Faroek punya alasan mengapa ngotot jalan tol harus
direalisasi. Berkali-kali ia sampaikan bahwa jalan tol merupakan kebutuhan
rakyat, untuk mempercepat pertumbuhan ekonomi, meningkatkan kesejahteraan dan
terakhir bahwa jalan itu telah disetujui oleh pemerintah pusat. Terintegrasi
dengan MP3EI (Master Plan Percepatan dan pertumbuhan Ekonomi Indonesia).

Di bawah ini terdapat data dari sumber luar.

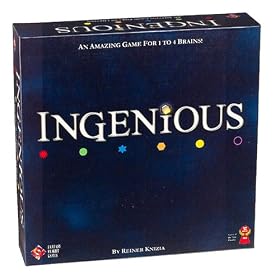 Fantasy Flight Games Ingenious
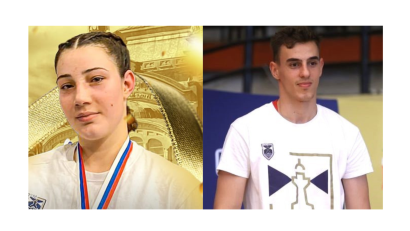 Pugiliștii constănțeni Amalia Niță și Alexandru Buleu, în lotul României la CE de seniori U23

Saya tahu, banyak warga yang terkesima dengan manuver Faroek
di jalan tol itu. Sebab masih segar diingat ketika pertamakali menyampaikan
gagasan tahun 2009, ia meyakinkan publik bahwa ada investor yang tertarik
membangun jalan tersebut. Toh, yang disebut investor tidak pernah muncul. Sampai akhirnya dengan berat
hati rakyat Kaltim merelakan APBD-nya disedot sebesar Rp2 triliun.
Di media-media sosial, banyak warga yang geram. Sampai
memplesetkan kata jalan tol menjadi “Jalan Tolol”. Apalagi ketika Faroek dengan
suka cita menyampaikan kalau ia berhasil menjerat pemerintah pusat agar
manambah utang LN (luar negeri) untuk membiayai proyek yang mengabadikan namanya
tersebut.
Kata Faroek, dana asing (kemungkinan dari ADB – Asian
Development Bank) bakal masuk Rp2,4 triliun untuk jalan bergengsi tersebut.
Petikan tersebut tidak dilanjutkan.